Fifteen months after the lawsuit began, a judge ruled that Athletic had to pay Real Sociedad €5 million, and were granted permission to field Zubiaurre for the 2006–07 campaign. He was presented a second time at San Mamés Stadium on 16 November 2006 and was given the number 12 shirt.

On 11 February 2007, Zubiaurre played his first La Liga match for Athletic, appearing against Atlético Madrid as a substitute in a 1–0 away defeat. That was his only game of the season, in which his team avoided relegation on the last matchday.
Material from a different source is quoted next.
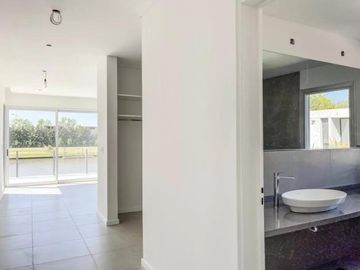 Venta casa 7 amb al río barrio San Juan Villanueva Tigre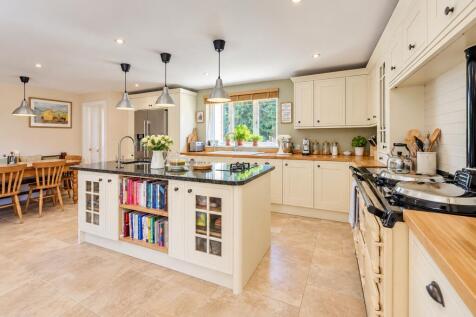 Ashton Road, Siddington, Cirencester, GL7 photo 4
Zubiaurre also only featured once in 2007–08, in a 2–0 loss at Getafe CF on 31 October 2007. After almost two years on the sidelines, he left in order to gain more playing time, joining Segunda División side Elche CF on a season-long loan.

Returning to Athletic for the 2009–10 campaign, Zubiaurre's season input consisted of 15 minutes against FK Austria Wien (3–0 win at home) in the UEFA Europa League group stage. In July 2010, another loan ensued, also in the second tier, as he signed with Albacete Balompié.

Zubiaurre was deemed surplus to requirements in 2011–12 after the appointment of manager Marcelo Bielsa, alongside teammates Koikili and Aitor Ocio. He remained with the team, however.

Zubiaurre was loaned to UD Salamanca in the Segunda División B for the 2012–13 season. He moved to Racing de Santander in August 2013, being waived after only one month and no matches played.